The spark of challenge lit up those eyes of hers, and suddenly, he could think of nothing but her fists at her side in that private parlor. And how surprised he’d been that she didn’t swing then.

He should have known that, of course, she’d waited.

“Don’t you?” she asked, still looking—to someone not quite as close to her as he was—happy and filled with appropriate seasonal delight. “I thought you prided yourself on being such a rational man. Such a reasonable king after all our dark years with your father.” She made a tutting sound. “How tragic not to know yourself at all.”

“Perhaps a better conversation would be to investigate what it is you know about yourself, Calista,” he replied, and it was like a song inside him, almost as good as his mouth on hers. “As far as I can tell, you’ve made yourself your father’s handmaid. You prance around in your corporate costume. You shout at anyone who will listen about your importance. But at the end of the day, the first moment he could sell you, he did. Even pawns are treated better than that, surely.”

“You are the reigning expert on pawns, of course,” she replied coolly.

“Whose pawn am I?”

“My father’s, for one thing.” She smirked at him. “Look at that. We have something in common after all.”

He thought it wise, then, to finish off the dance with less talking. Because for the first time in his life, in as long as he could remember, he wasn’t entirely certain that he remained as in control of himself as he ought to have been.

And he wasn’t even kissing her.

That notion was so astounding—so hideous, really—that when the waltz ended he executed a stark, stiff sort of bow, and stalked away from her.

Better to leave his fiancée on the dance floor abruptly than to descend into...whatever it was that moved in him, dark and dangerous, that had everything to do with the taste of her, still there on his tongue.

Far more potent than wine or spirits.

The night wore on. Nobility and dignitaries danced attendance on him, as ever. He posed for a thousand pictures, trying to exude calm. Quiet certainty. As if his very presence was a happy ending. One the whole country had been waiting for, all this time.

Not that he knew much about such things. Still, he tried.

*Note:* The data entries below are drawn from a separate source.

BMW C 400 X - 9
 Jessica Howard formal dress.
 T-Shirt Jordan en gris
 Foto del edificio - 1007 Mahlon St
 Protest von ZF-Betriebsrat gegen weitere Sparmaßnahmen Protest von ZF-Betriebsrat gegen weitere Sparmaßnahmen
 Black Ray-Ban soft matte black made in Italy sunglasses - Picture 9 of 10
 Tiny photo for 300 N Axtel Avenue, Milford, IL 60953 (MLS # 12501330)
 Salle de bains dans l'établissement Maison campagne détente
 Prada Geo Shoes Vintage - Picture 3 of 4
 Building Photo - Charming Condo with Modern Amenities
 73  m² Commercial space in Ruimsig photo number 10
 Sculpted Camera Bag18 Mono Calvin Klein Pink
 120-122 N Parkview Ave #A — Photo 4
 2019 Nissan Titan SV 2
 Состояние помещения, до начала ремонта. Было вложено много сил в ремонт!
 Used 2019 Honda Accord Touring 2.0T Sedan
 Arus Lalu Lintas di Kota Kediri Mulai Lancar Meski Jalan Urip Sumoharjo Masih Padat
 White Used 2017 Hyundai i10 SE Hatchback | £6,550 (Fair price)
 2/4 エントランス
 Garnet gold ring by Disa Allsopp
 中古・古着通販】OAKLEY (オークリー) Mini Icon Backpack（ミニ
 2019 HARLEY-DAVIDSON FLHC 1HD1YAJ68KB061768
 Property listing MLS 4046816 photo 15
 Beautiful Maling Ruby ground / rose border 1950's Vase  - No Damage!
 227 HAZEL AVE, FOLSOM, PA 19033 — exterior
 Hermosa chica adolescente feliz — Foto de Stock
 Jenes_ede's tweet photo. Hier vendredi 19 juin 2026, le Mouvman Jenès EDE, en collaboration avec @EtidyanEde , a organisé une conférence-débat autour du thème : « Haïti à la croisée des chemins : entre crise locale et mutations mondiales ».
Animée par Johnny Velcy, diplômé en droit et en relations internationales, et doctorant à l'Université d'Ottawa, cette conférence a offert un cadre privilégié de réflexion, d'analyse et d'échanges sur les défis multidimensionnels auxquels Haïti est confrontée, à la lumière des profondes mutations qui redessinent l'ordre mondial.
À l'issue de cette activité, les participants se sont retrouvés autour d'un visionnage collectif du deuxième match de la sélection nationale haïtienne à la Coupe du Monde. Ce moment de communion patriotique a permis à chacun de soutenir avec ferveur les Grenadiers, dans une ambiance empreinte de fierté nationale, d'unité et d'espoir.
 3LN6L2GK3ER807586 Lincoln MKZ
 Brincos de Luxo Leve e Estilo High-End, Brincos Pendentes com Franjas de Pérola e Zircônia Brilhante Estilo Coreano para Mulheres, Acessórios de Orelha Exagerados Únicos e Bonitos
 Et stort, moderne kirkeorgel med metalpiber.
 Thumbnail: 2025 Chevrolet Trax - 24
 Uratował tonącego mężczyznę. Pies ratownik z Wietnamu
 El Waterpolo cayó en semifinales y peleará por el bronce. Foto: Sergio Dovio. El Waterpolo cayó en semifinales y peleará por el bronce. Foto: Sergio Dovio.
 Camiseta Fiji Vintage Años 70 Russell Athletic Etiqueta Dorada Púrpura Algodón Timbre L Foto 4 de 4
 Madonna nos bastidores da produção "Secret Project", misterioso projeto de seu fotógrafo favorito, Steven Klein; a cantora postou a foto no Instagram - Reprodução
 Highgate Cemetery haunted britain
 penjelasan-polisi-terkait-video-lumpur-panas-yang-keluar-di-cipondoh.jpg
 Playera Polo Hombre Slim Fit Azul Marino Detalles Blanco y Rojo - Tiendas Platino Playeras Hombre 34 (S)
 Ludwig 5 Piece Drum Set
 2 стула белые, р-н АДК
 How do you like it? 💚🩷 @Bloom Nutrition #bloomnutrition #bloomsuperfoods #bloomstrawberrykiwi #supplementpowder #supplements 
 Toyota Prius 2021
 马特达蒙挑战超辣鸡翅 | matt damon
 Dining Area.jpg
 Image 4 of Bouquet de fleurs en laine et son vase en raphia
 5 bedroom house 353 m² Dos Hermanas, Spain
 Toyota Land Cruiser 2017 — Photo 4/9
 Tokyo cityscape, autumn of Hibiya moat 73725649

Toward the end of the night, conscious that it was impolite for anyone to leave until he did, Orion once again sought out Calista. The gardens looked mysterious at night. All the sparkling lights and the glow from the heaters gave the winding paths an almost unearthly glow. Orion walked with no apparent haste, as if he was out for a stroll, enjoying that even he could find a measure of anonymity in the shadows. And when he was seen, he gave no indication that he was looking for a woman who, had she been anyone else, would have been stuck to his side all night to advance her position.

There was a part of him that liked her more than he should because she was nothing like the sort of socialite heiress he’d always assumed he would marry, all soft smiles to the face and a dulcet-toned knife to the back. Calista, he knew, would come at him from the front.

Something about that was deeply cheering.

He rounded a corner festooned with exultant shrubberies, then, and saw her. At last.

The soft light surrounded her, making her glow as if she was her own candle, and Orion felt...poleaxed. Frozen solid, there where he stood, though the Mediterranean night was nowhere near freezing.

As if he’d never seen a woman before.

His heart exploded inside his chest, so dramatic a sensation that he was half-afraid he’d suffered the kind of cardiac arrest that had claimed his father. But no, he realized after a breath, he was still standing.